*RECORDS FOR THE TASK*.
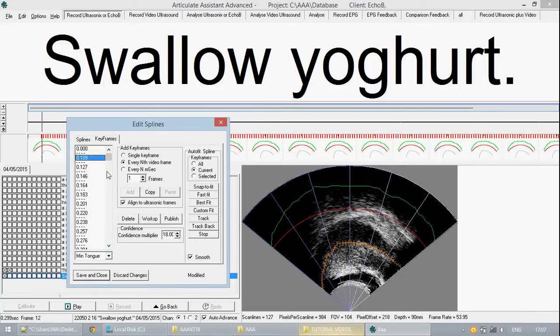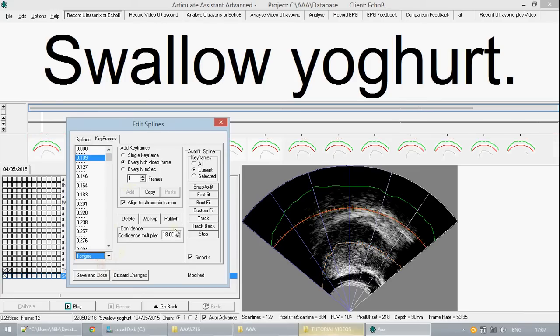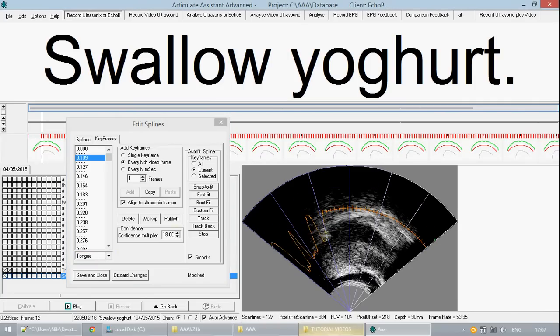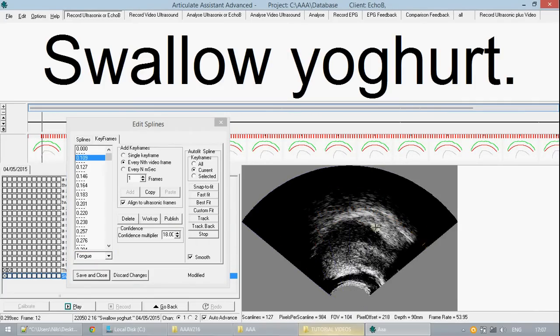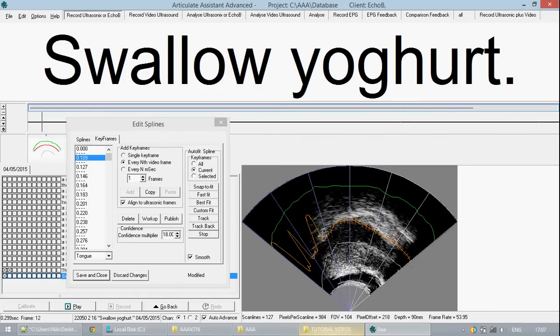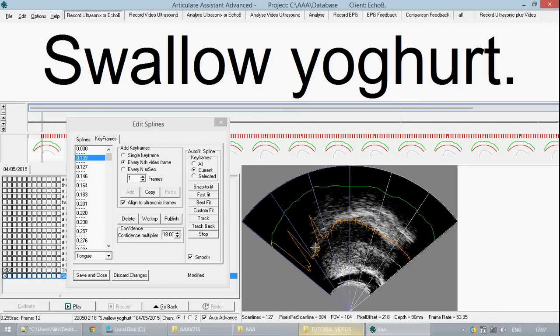What we can now do is when we draw on the contour for the tongue we can then use some options available to allow us to better fit the contour to the shape of the tongue. One such option is snap to fit.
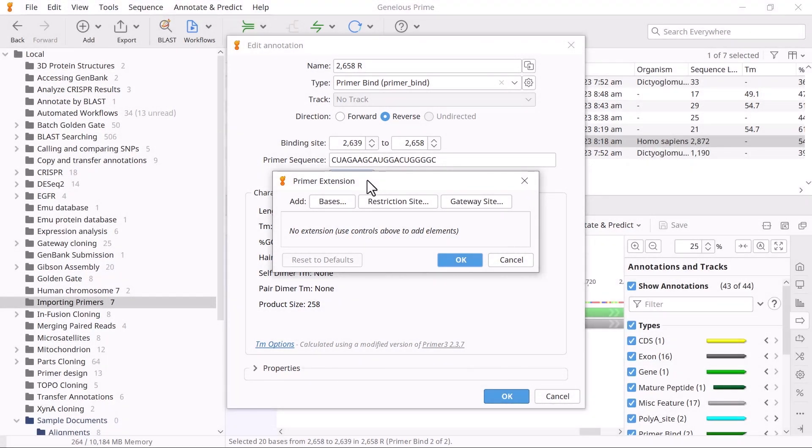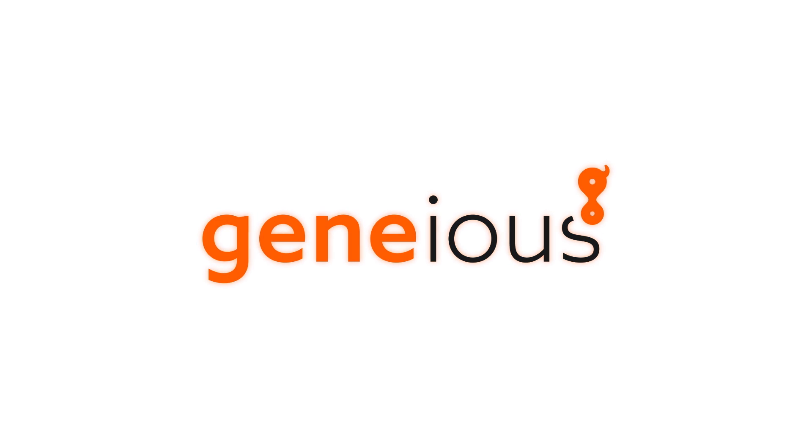And that's how you design primers with five prime extensions in Genius Prime. To learn more, visit Genius.com.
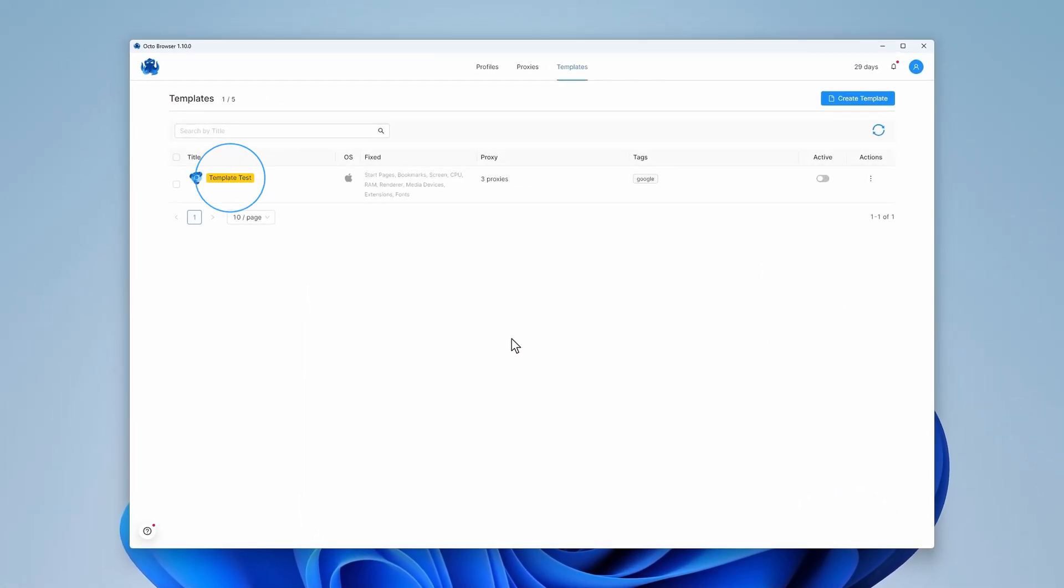All done! You have created a new template and can now find it in the templates list where you can see a brief description of template parameters, the number of connected proxies and the active-inactive toggle.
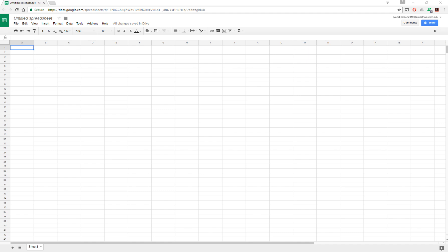In this video, we will create a Gantt chart in Google Sheets. A Gantt chart is an excellent organizational tool that allows a quick visual view of the progress of a project. Making it on Google Sheets allows the project to be easily collaborative since any of the team members can edit it and view changes in real time.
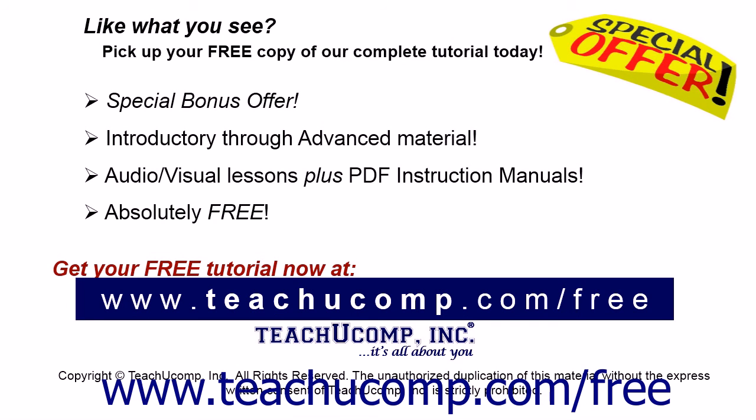Like what you see? Pick up your free copy of the complete tutorial at www.teachucomp.com/free.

*EXERCISE DESCRIPTION*.
Your reply should be the lines of the records from the start through the line with "All done! You", copied word for word, pictures omitted.

*WRITTEN REPLY*.
What we can now do is when we draw on the contour for the tongue we can then use some options available to allow us to better fit the contour to the shape of the tongue. One such option is snap to fit.
And that's how you design primers with five prime extensions in Genius Prime. To learn more, visit Genius.com.
All done! You have created a new template and can now find it in the templates list where you can see a brief description of template parameters, the number of connected proxies and the active-inactive toggle.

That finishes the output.